Only chancing a quick glance up, Elena yelled for help. "Bonnie, take Tori. And get Caroline out of here. No one can handle her going into labor right now."
The little figure hovering next to Elena disappeared, so she assumed Bonnie had done as she asked. Elena teased the coat off, and the gray-white of bone shone visibly from a gash Bryce's upper arm. Her stomach tried to turn, but she quickly regained control. "Jeremy!" She wrapped the scarf around the wound in Bryce's arm.
"Oh god." He slid to a stop next to her.
"If you're gonna be sick, go get someone else." She wrapped the scarf as tight as she dared before looking up at Jeremy. "Hold this."
Bryce's breathing was raspy and labored. When she tugged his shirt up, he didn't guard from any of her probing, but the mottled purple skin was far more frightening than a child thrashing or screaming from pain.
First responders had made it to the accident site. She could hear a few calling in a request for multiple ambulances.
"I need Life Flight." She must have used her trauma-surgeon voice, since the EMT immediately nodded and made and immediate call for one. The young man's freckles practically glowed beneath the pallor of his face. He couldn't have been more than twenty. He was in far over his head. His eyes darted from one patient to another, clearly unable to decide who to help.
"Standard triage protocols. You've trained for this, right?" Elena took hold of Bryce's wrist and cringed at how faint it had become. "Treat the most injured first. Just get moving."
"Yes, ma'am." He shot to his feet, moving toward an older woman who'd been crying earlier but had gone quiet and still.
Bryce's breathing gurgled.
And then stopped.
"Shit." Elena felt for a pulse. Nothing. "Nope. Not here. Not now." The rest of the casualties faded into nothing as she focused all her attention on her godson.
Precious minutes ticked away.
Sweat trickled down her forehead and dripped into the snow.
"Where's that chopper?" She yelled to no one in particular, assuming someone in authority would answer.
"Snow's too thick. Can't land." Someone spoke over her shoulder. "We've got ambulances two minutes out."
Two minutes.
Did Bryce have two minutes?
Elena didn't know how long she'd been doing CPR, but from the ache already spreading into her arms and across her upper back, it had been a while. Sirens wailed in the distance. Sirens. More than one. She'd never been so relieved to hear a group of ambulances heading her way.
"We can take over from here." A hand associated with the voice from earlier took hold of her shoulder and gave a not-too-gentle pull.
"Like hell you are." Elena didn't even break the rhythm she'd established.
"Ma'am." He had that trying-to-be-polite while also implying she didn't know what she was doing tone to his voice that she'd heard countless staff at her hospital use. The hand tugged harder at her refusal.
"Leave her alone." Damon interrupted the next attempt.

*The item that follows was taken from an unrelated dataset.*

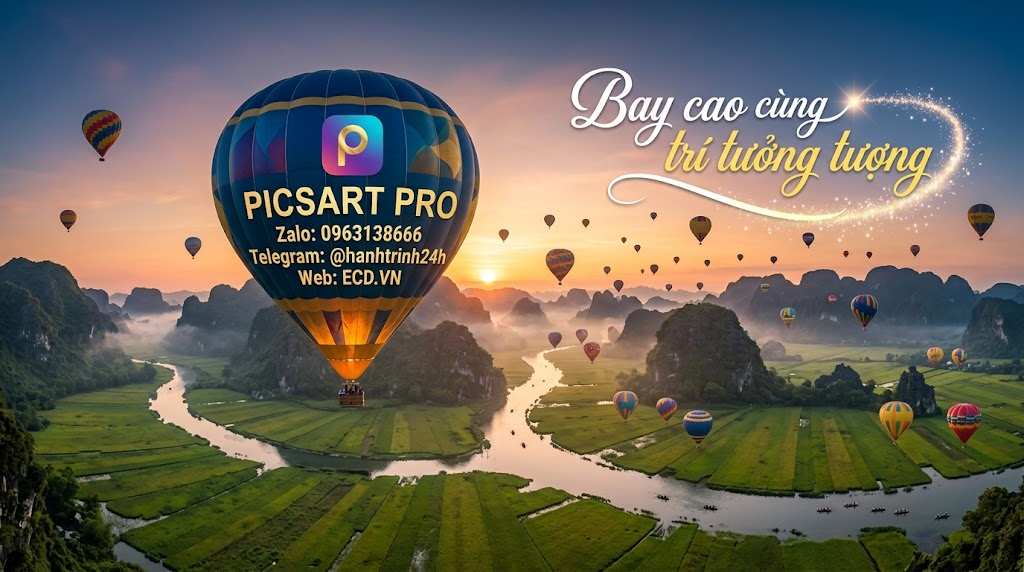 picsart pro hỗ trợ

He was using the voice that generally proceeded breaking up a fight at the bar. "She's a doctor."
The ambulance came to a stop right next to her, and the paramedics eased Bryce onto the stretcher. Without looking away from her patient, the doors slammed shut; they were on their way.
The emergency room was filled with the buzz of energy Elena associated with everyone being in over their heads—never a good sign. Staff members ran through the corridors, meeting the first of the two ambulances that had arrived.

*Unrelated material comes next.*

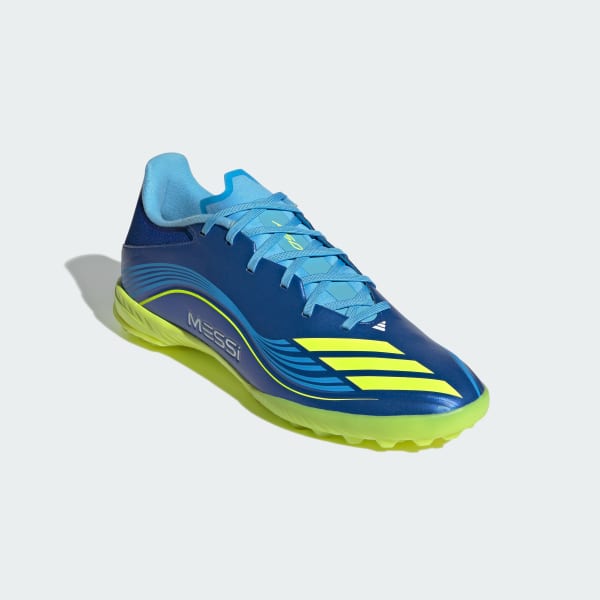 Bla F50 Messi League Turf Fotballsko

Elena only stopped her chest compressions for an instant…to lock eyes with Jo.
Jo's eyes widened as anything she was about to say caught in her throat. Another doctor that Elena didn't recognize stopped alongside Jo, his lips moved in a silent prayer. The paramedic that had ridden in the back of the ambulance with them saved Elena from having to run through the list of Bryce's injuries.
Two more patients arrived.
The doctor standing next to Jo craned his neck to the ambulance bay. "How many more?"

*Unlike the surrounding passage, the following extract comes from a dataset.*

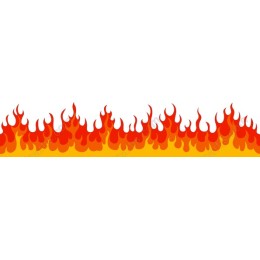 Vibrant Flame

"Three." A paramedic answered. "All critical."
"Seven critical patients? We're not staffed for that." The older doctor came to Bryce's side. "We're not skilled to handle him."
Jo found her voice. "Elena can. She's a trauma surgeon – specializing in pediatrics."
"You're joking." His eyes widened. "Can you step in?"
Elena nodded. "Just show me where to scrub in."
Surely this was all a dream. Any minute now, Damon would wake, discover he'd just eaten too much lasagna, and roll his eyes at his over-active imagination. If it was a nightmare, it was a detailed one. It felt like he'd been sitting in the hard plastic chair for over five hours now. Ric had gone from as close to hysteria as Damon had ever seen to complete quiet, now he'd been gone for close to ten minutes—trying to get some kind of update on Bryce.
It had to be a nightmare, didn't it?
But Damon wasn't sure if his subconscious could come up with something as twisted as the day's events. He certainly couldn't have pictured watching Elena in action.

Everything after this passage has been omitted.